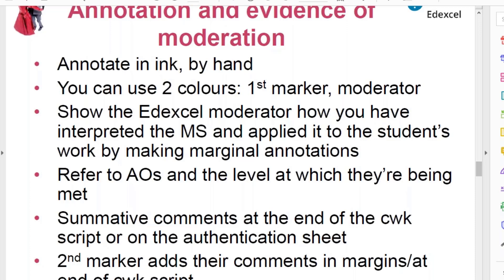The whole point of any annotation is to make clear to the moderator how you arrived at the marks that you did. The senior examining team say series after series that the better the annotation is, the easier it is for them to confirm centres' marks. They have more difficulty where there isn't any annotation or where it is a bit decorative — just ticks or references to AO2 or AO4 but no comment as to how the student has met the skills they've demonstrated in that AO, and at what level in the mark scheme.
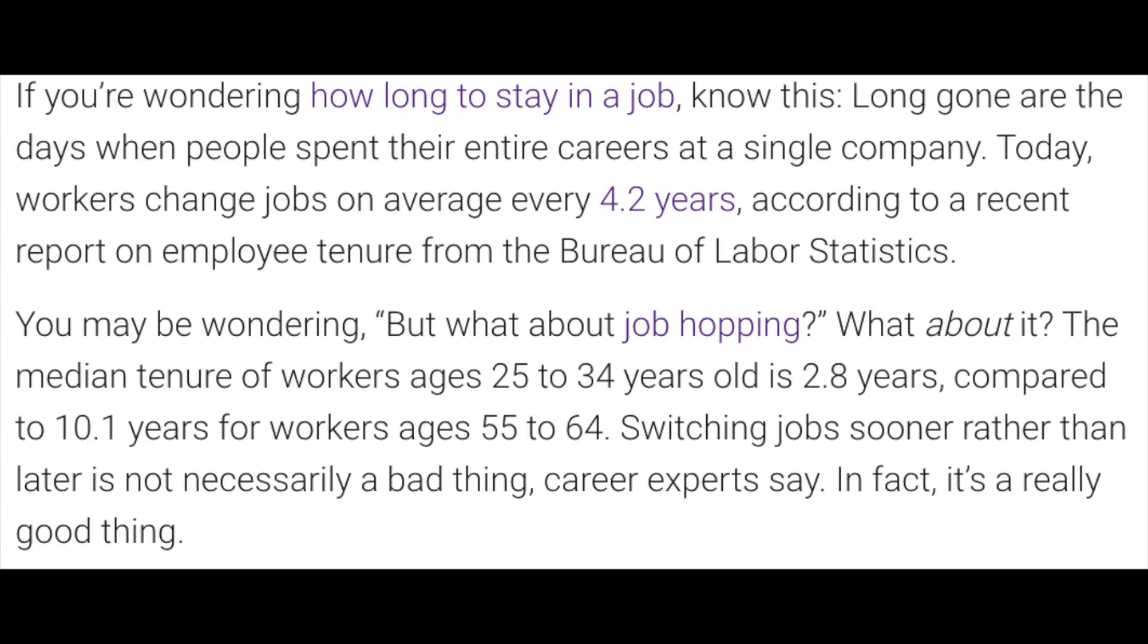One reason renting makes a lot of sense is just simply because of mobility. In this day and age in the workforce, people change jobs on average every four years. And if you're between the ages of 25 and 34, you change your job on average every three years.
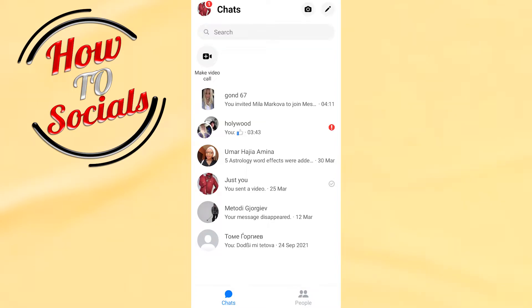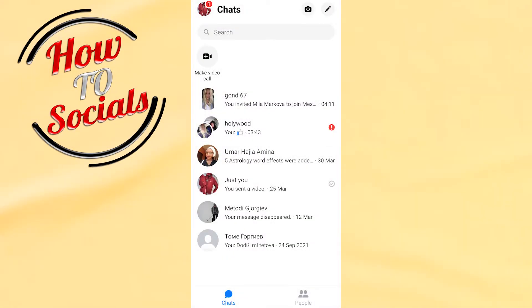Hi there guys, in this video we're going to talk about Messenger not showing active friends. Yes, this could be a problem for you, but don't worry about it. We are here to help you out to get through this problem.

_ _ _ _ _ _ _

_Exercise brief_
Copy the whole listing above word for word but do not carry over the pictures.

_Result of this task_
The whole point of any annotation is to make clear to the moderator how you arrived at the marks that you did. The senior examining team say series after series that the better the annotation is, the easier it is for them to confirm centres' marks. They have more difficulty where there isn't any annotation or where it is a bit decorative — just ticks or references to AO2 or AO4 but no comment as to how the student has met the skills they've demonstrated in that AO, and at what level in the mark scheme.
One reason renting makes a lot of sense is just simply because of mobility. In this day and age in the workforce, people change jobs on average every four years. And if you're between the ages of 25 and 34, you change your job on average every three years.
Hi there guys, in this video we're going to talk about Messenger not showing active friends. Yes, this could be a problem for you, but don't worry about it. We are here to help you out to get through this problem.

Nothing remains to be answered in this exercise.